### Input data
"""
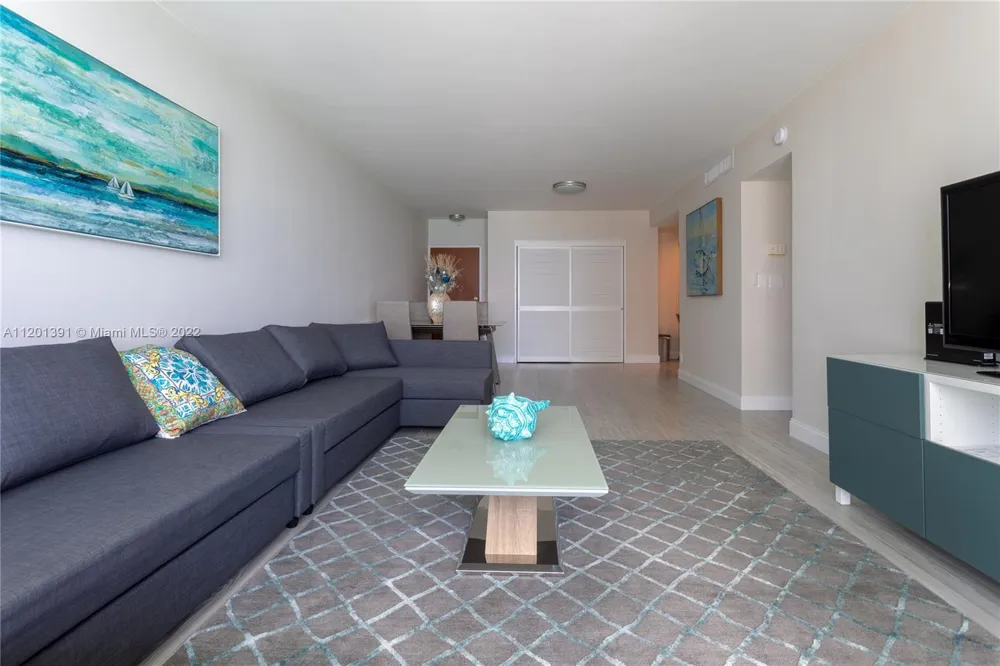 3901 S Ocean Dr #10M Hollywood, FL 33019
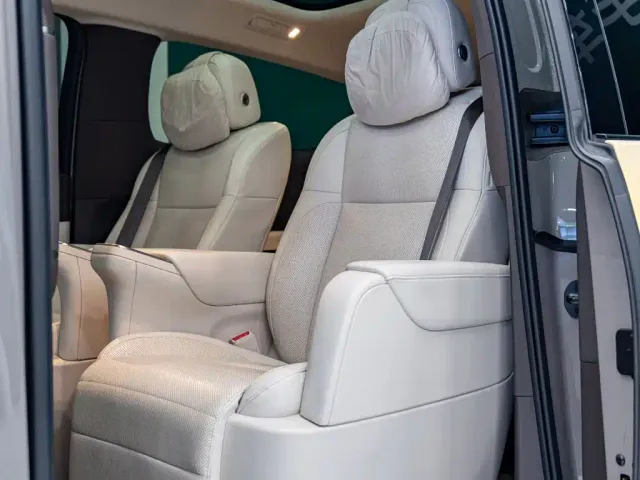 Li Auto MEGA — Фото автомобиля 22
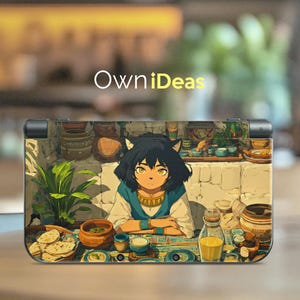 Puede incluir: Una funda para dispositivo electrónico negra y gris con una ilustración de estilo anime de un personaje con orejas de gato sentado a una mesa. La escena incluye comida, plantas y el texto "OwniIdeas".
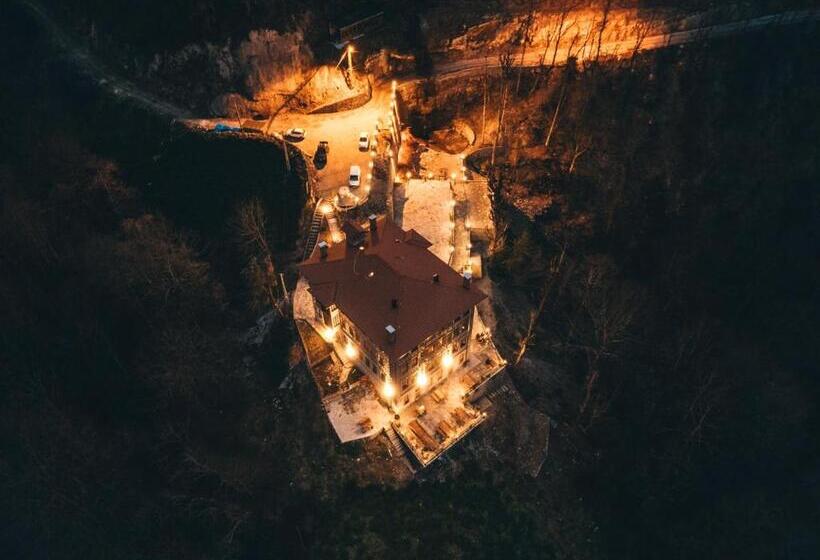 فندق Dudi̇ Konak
"""
### Exercise requirements
Beginning with the line that contains "Li Auto MEGA — Фото автомобиля 22" and ending with the last line of the data above, output those lines exactly and nothing more, without any pictures.

### Answer to this task
 Li Auto MEGA — Фото автомобиля 22
 Puede incluir: Una funda para dispositivo electrónico negra y gris con una ilustración de estilo anime de un personaje con orejas de gato sentado a una mesa. La escena incluye comida, plantas y el texto "OwniIdeas".
 فندق Dudi̇ Konak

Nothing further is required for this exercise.